# CLOSED Saharah Visit Cafe Curtain Wall and Wildflower Meadow Floor



## jynxy87 (May 8, 2020)

If anyone would like to stop by and see Saharah just leave a comment. I will send out Dodo codes via PM. I will send codes out approximately 2 at time and will like the posts so that everyone can keep track.

Tips are appreciated (bells, NMT, gold nuggets) but not required. 

Saharah is fenced in next to the airport. You can shop at Nook's and Ables' if you woukd like. 
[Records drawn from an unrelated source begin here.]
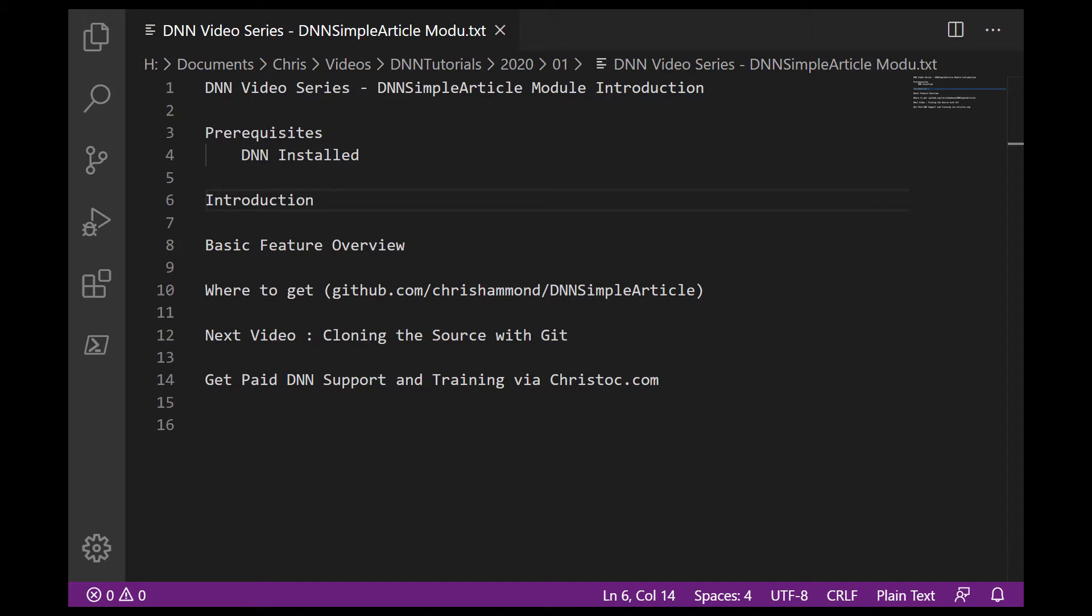In this video, I'm going to walk you through a module that I created back in the days when I worked for DNN Corp and created it as a tutorial of sorts back in probably 2011, 2012 timeframe. And since that time, I've maintained it and utilized it on a website or two that I run.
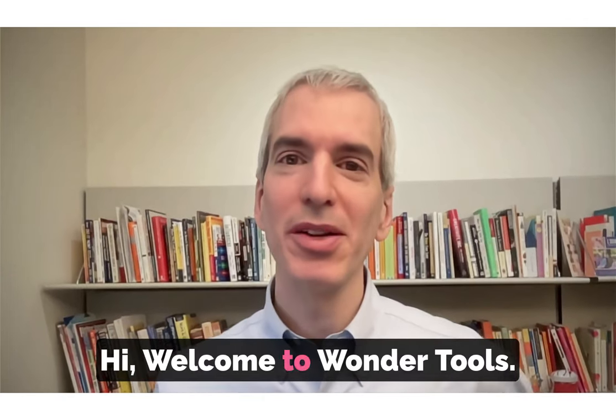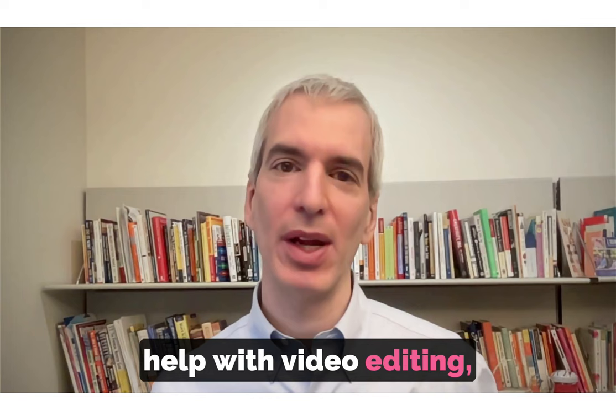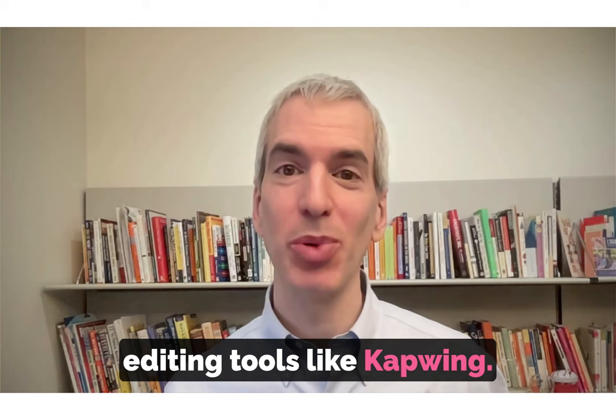Hi, welcome to Wondertools. Today's post is about how AI can help with video editing, which is now easier than ever before, thanks to new web-based editing tools like Kapwing.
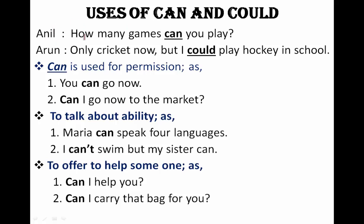Anil asks: 'How many games can you play, Arun?' Arun replies: 'Only cricket now, but I could play hockey in school.' So Anil is asking about Arun's present ability. Arun can only play cricket now, but he could play hockey in the past — that's past ability.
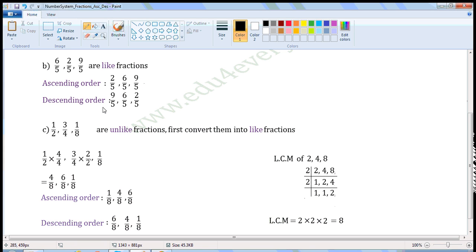Descending order is the reverse of ascending order. So first write 9 by 5, as 9 by 5 is the biggest of these three fractions. Of the remaining two fractions, 6 by 5 is the biggest, so write 6 by 5. The last is 2 by 5.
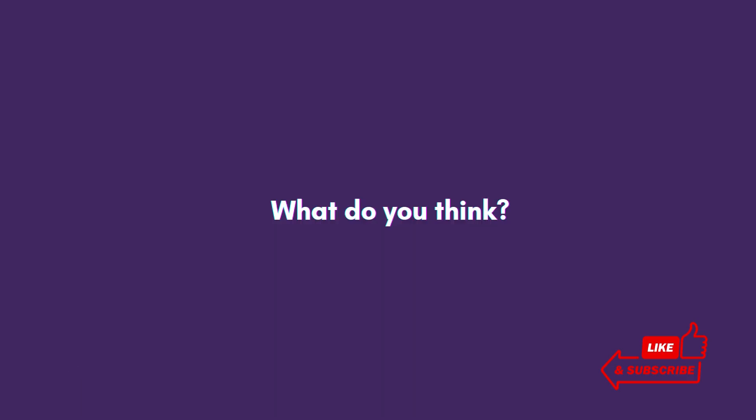Anyway, guys, what are your thoughts? Thanks for watching. Please like, share, and subscribe, and I'll see you guys next time.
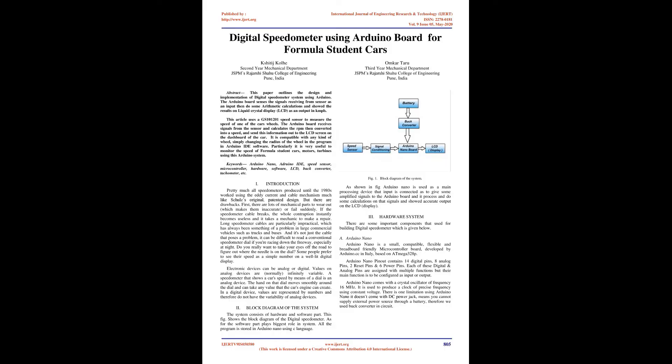Digital Speedometer Using Arduino Board for Formula Student Cars. This paper outlines the design and implementation of a digital speedometer system using Arduino. The Arduino board senses signals from a sensor as input, performs arithmetic calculations, and displays results on a liquid crystal display (LCD) as output in kilometers per hour. This article uses a GS101-201 speed sensor to measure the speed of one of the car's wheels.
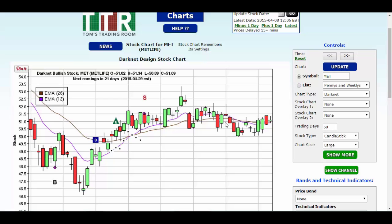Now these are called reversal patterns. So just as important as the pattern — and some would say even more important — is where these patterns are placed in the trend. They're more significant on supports and resistance. If these patterns are happening inside a support and resistance channel, not as telling.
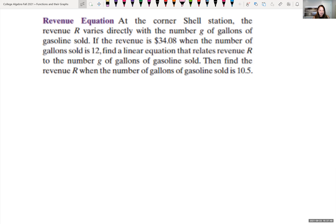With variation problems, there are really three steps: set up your generic equation, find the constant k using given information, then answer the question. Whether the problem says 'varies directly,' 'varies inversely,' 'varies jointly,' or 'varies proportionally,' there's always a constant k to find. Let's read through the problem, set up the general equation, find k, then answer.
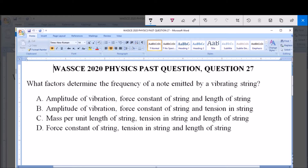What factors determine the frequency of a note emitted by a vibrating string? A: The amplitude of vibration, force constant of string, and length of string. B: Amplitude of vibration, force constant of string, and tension in string. C: Mass per unit length of string, tension in string, and length of string. D: Force constant of string, tension in string, and length of string.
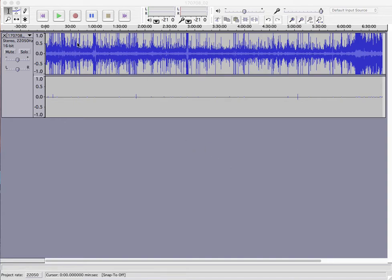When I work with it in other software I want to be working with a mono file. Plus, when you have a stereo recording like this, even though there's nothing on the right track, it still takes up twice as much space as a mono track would.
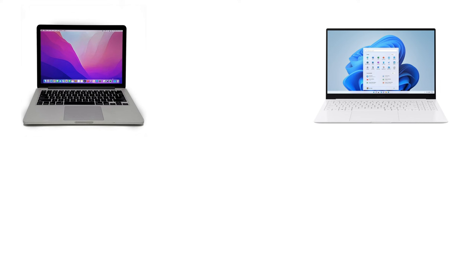We're going to make a very simple computer network today, connecting a MacBook to a Windows desktop using an ethernet cable. I used Mac and Windows at the same time because I wanted to highlight the networking settings for both operating systems. If you have two Windows computers, two Macs, or maybe more than two computers, this video will still apply.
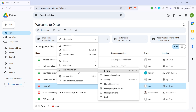This section provides various details about the file, including space for managing subtitles. After accessing the File Information, you'll see an option called Manage Caption Tracks. This is exactly what we're going to be needing for the next step.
Please stay on the path and do not shake trees or pick flowers. 
Leave through the airport.


----------



## niconii (May 8, 2020)

Hi! Would love to visit!


----------



## Jam86 (May 8, 2020)

may i please visit ♡


----------



## Bloobloop (May 8, 2020)

i'd love to stop by!


----------



## aericell (May 8, 2020)

I'd like to come!


----------



## MightyPen (May 8, 2020)

Hello! I'd love to drop by!


----------



## PurpleCrutches (May 8, 2020)

May I visit please?


----------



## drchoo (May 8, 2020)

Would love to visit!


----------



## sunchild (May 8, 2020)

i'd like to come!


----------



## lackless (May 8, 2020)

I’d love to come by if possible!


----------



## senbeiiscool (May 8, 2020)

I'd love to come!


----------



## kojuuro (May 8, 2020)

I'd like to come!


----------



## boorah (May 8, 2020)

Could I come as well? Will tip!


----------



## mayorsam17 (May 8, 2020)

Unfortunately I’ve gotten busy and won’t be online, just skip over me in the queue.
Thanks!


----------



## Lycheee (May 8, 2020)

Can I pop by? : )


----------



## lyonbunny (May 8, 2020)

hello im interested!


----------



## Kamzitty (May 8, 2020)

Would love to come if possible, thanks so much! <3


----------



## mayorapple (May 8, 2020)

If youre still accepting visitors id love to come


----------



## Mookie (May 8, 2020)

Hi. Would like to visit if possible. Will tip 99k. Thanks


----------



## edrinaline (May 8, 2020)

hi! i’d like to come if you’re still available! ty c:


----------



## Eclipse (May 8, 2020)

I'd like to visit if you're still available! Thanks!


----------



## duke-420 (May 8, 2020)

Still happening? I'd like to come


----------



## jo_electric (May 8, 2020)

I’m interested


----------



## Taishan (May 8, 2020)

Hi. Can I visit?


----------



## jynxy87 (May 8, 2020)

Yes I am still letting people in. I am working through the line. Saharah just takes a while, unfortunately.


----------



## allainah (May 8, 2020)

i would like to come when you have time please <3


----------



## PromWithUrMom (May 8, 2020)

May I pay you a visit?


----------



## Restin (May 8, 2020)

Hi, if you’re still queueing I’d like to visit


----------



## katie. (May 8, 2020)

Hello would love to pop by to get the floor. I’ll leave a tip


----------



## reikocakes (May 8, 2020)

I'd love to come visit if you're still available!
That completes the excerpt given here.